I was at a U.S.-Russia relations conference the other night, and the representative of the Russian embassy very candidly said as much. He also very candidly admitted that both sides shared responsibility for the recent deterioration in relations. It’s pretty clear what America could do to improve matters (e.g., reconsider European-based missile defense and NATO expansion). But the same Russian representative got prickly when I asked him what Russia could do, and basically said that Moscow had already done enough.

So the question of where the approach will be competitive and where it will be cooperative, and how to “decouple” (to use a new buzzword) the two, will determine how relations evolve moving forward. For now, most of the Russian concessions being offered — suspending deployment of Iskander missiles to the Russia-Poland border, opening Russian supply routes to Afghanistan, and relaxing resistance to Central Asian supply routes — essentially roll back retaliatory moves to the Bush administration’s more confrontational policies.

But the Iranian dossier could look dramatically different if the Obama adminsitration’s desire to engage diplomatically were backed up by a more solid contribution from Russia to making Tehran suffer consequences for not changing its own behavior. And a higher Russian profile in U.N. peacekeeping operations — outside of Abkhazia and South Ossetia, that is — would enhance strained Western efforts to stabilize conflict zones that serve as vectors for transnational threats.

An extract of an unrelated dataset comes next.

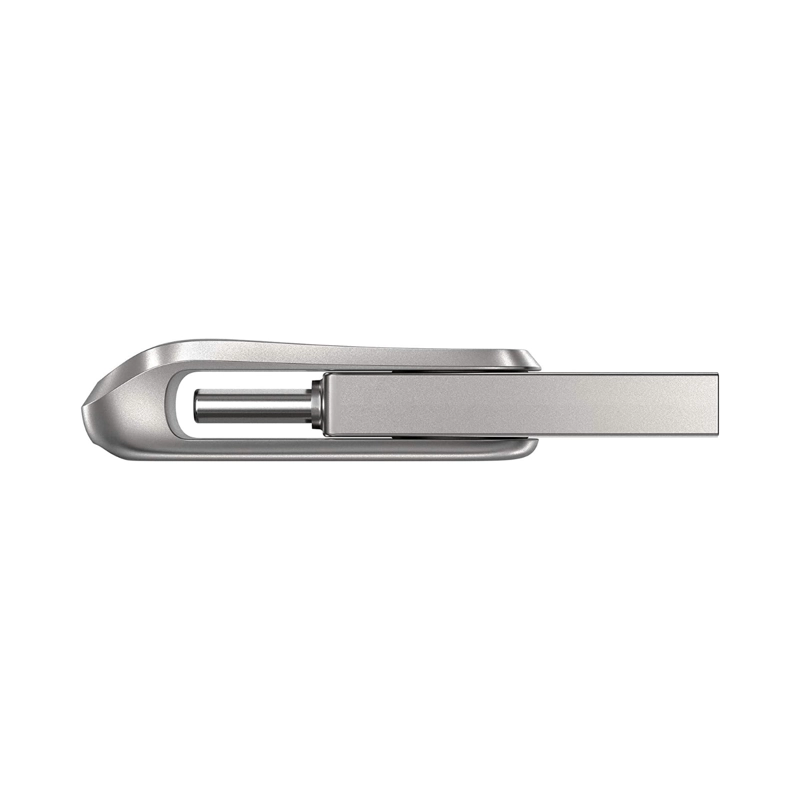 PENDRIVE SANDISK ULTRA DUAL DRIVE LUXE USB Y USB-C 64GB - 5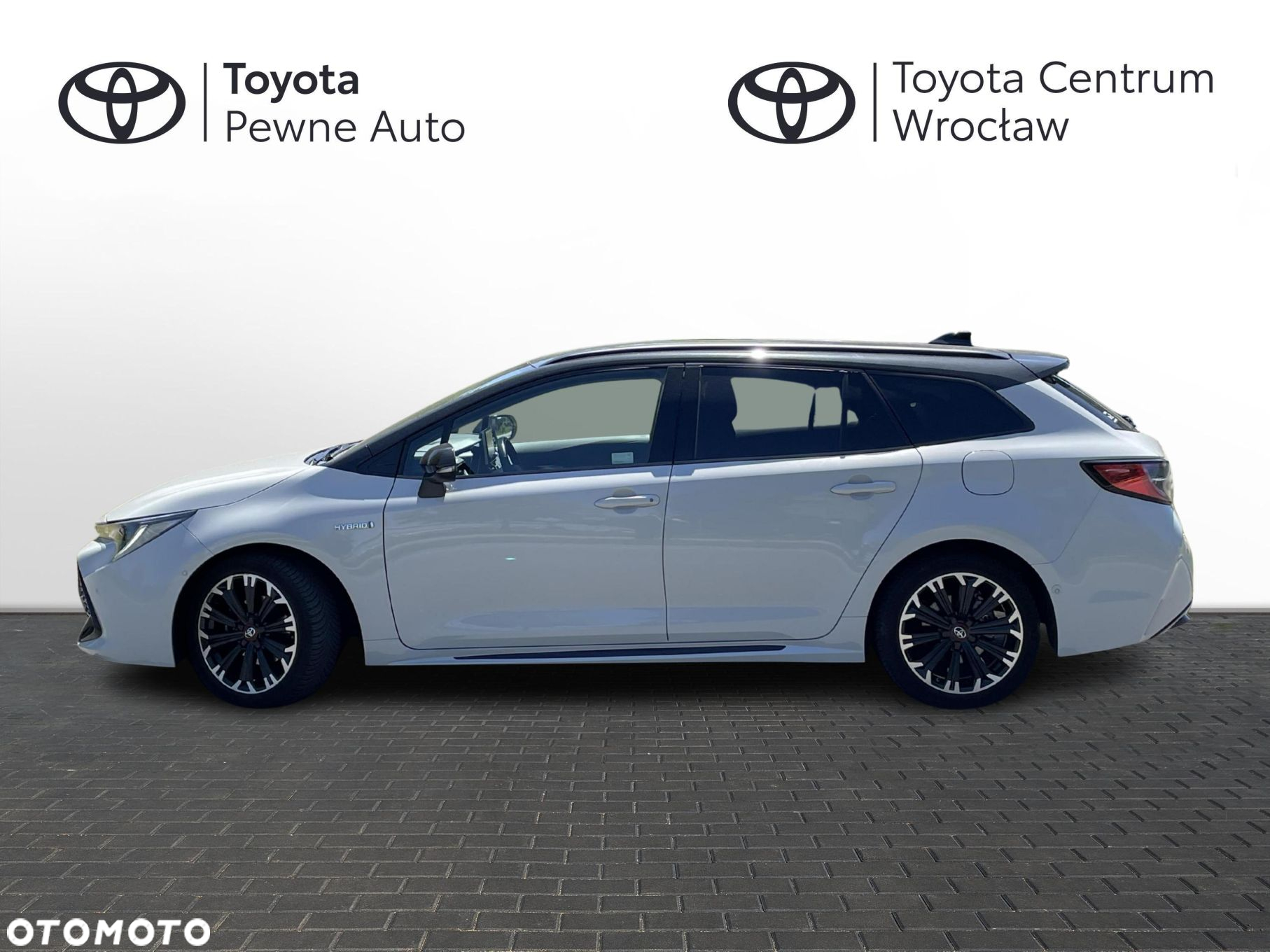 Toyota Corolla - 2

Like the Middle East, the challenge for the Obama administration in Russia policy will be how to repair the Bush administration’s legacy without incurring maximal costs. But the structural weakness of Russia’s military creates room for making generous offers, since the threat is much less menacing than the Cold War headlines make it seem, and Russia stands to benefit much more from a cooperative relationship based on mutual respect and security assurances than a confrontational one based on mutual suspicion and rivalry.

That doesn’t mean there shouldn’t be clear-eyed and realistic negotiations. Some of the other proposals I heard the other night regarding a broad NATO-CSTO security architecture, or Joschka Fischer’s recent proposal of admitting Russia to NATO (which the Russian representative called a “strong gesture” that Russia would be unlikely to accept), struck me as being theoretically intriguing but somewhat idealistic. Fischer described his own proposal as an approach that “presupposes . . . things that don’t exist at the moment,” which has a usefulness, but a limited one.

I’ve been guilty of a bit of that myself. But the broad outlines of a NATO-EU-Russia security architecture should be considered as a longterm goal by which to measure immediate policy. In fact, including China in the equation, too, would go a long way to creating a stable backstop for the emerging multipolar order.